:: AIM OF THE TASK ::
In the entries that follow, find the line containing "Number 486759774." and the line containing "Vol.17【沖縄釣り】近場", then copy exactly everything from the first through the second except the pictures.

:: SUPPLIED DATA ::
▼
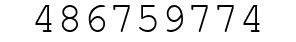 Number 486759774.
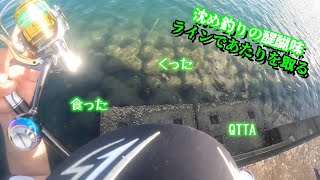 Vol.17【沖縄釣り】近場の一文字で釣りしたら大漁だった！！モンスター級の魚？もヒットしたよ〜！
▲
▼
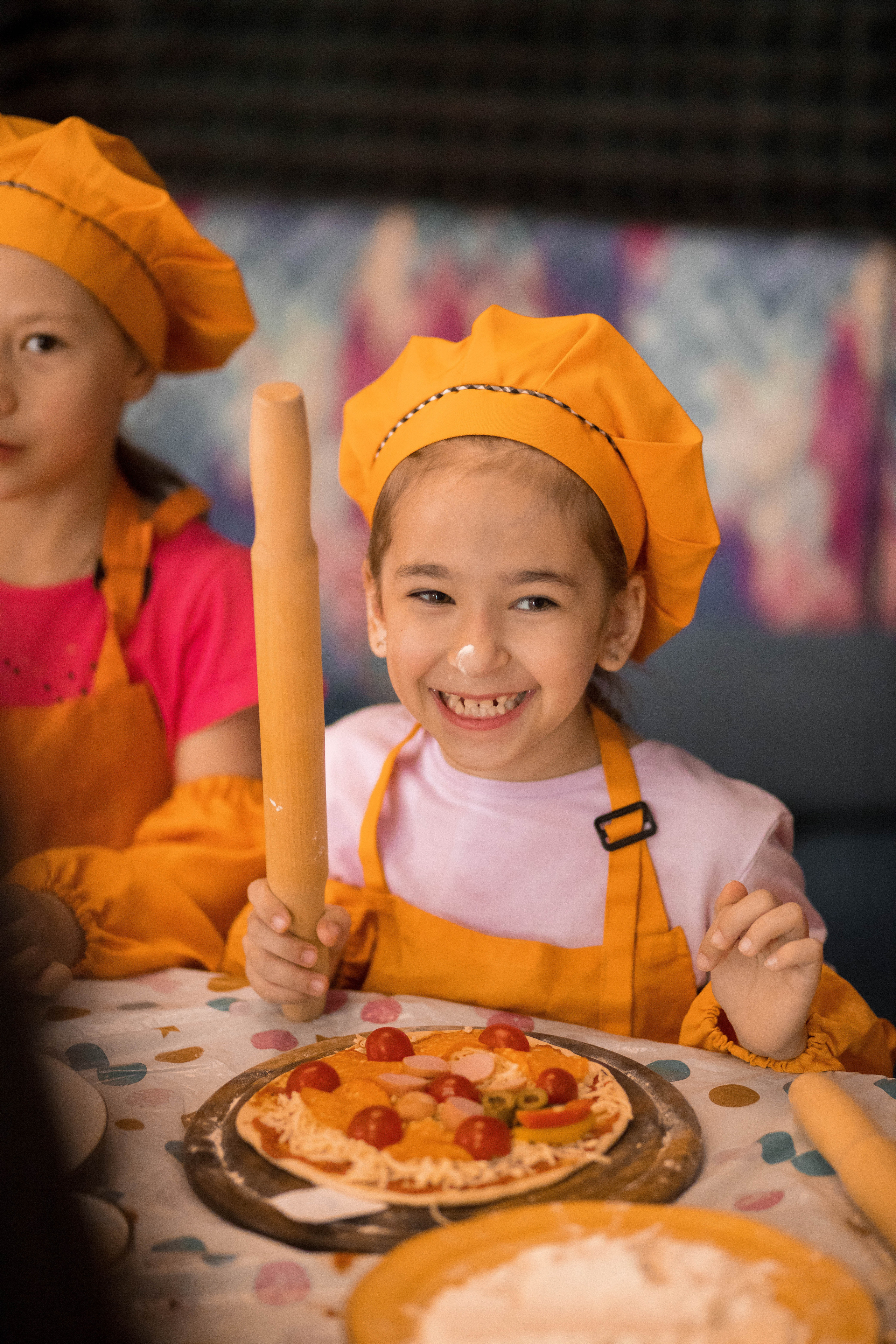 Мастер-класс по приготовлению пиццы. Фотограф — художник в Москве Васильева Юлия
▲
:: PROBLEM SOLUTION ::
 Number 486759774.
 Vol.17【沖縄釣り】近場の一文字で釣りしたら大漁だった！！モンスター級の魚？もヒットしたよ〜！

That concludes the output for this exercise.